Although the records contain pictures, none belong in the copy: restate word for word only the lines from the one with "Woman relaxing with" through the one with "flowers, gummies 133604933", both included.

[[ EXERCISE INPUTS, beginning ]]

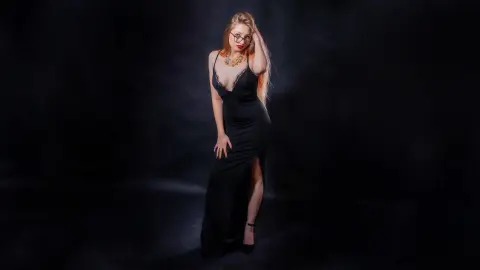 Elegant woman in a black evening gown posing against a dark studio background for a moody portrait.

[[ EXERCISE INPUTS, end ]]
[[ EXERCISE INPUTS, beginning ]]

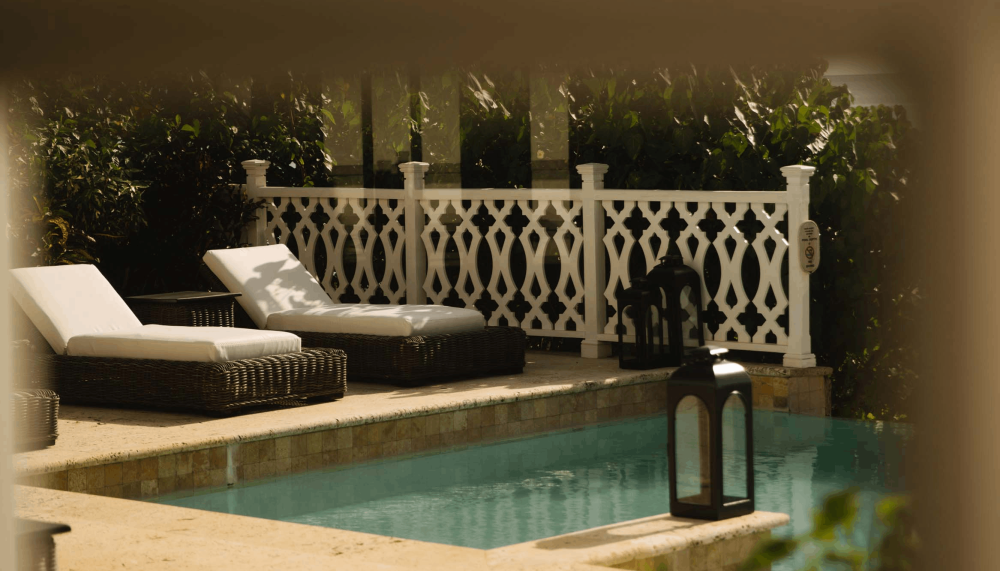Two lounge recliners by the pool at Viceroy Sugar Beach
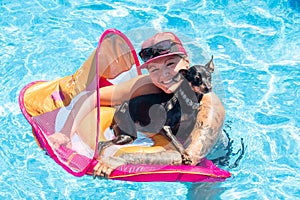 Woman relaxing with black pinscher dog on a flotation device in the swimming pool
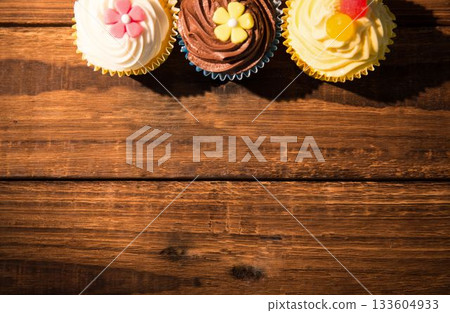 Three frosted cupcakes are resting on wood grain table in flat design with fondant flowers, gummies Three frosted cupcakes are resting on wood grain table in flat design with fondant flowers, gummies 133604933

[[ EXERCISE INPUTS, end ]]

- **RESPONSE TO THIS EXERCISE**:
 Woman relaxing with black pinscher dog on a flotation device in the swimming pool
 Three frosted cupcakes are resting on wood grain table in flat design with fondant flowers, gummies Three frosted cupcakes are resting on wood grain table in flat design with fondant flowers, gummies 133604933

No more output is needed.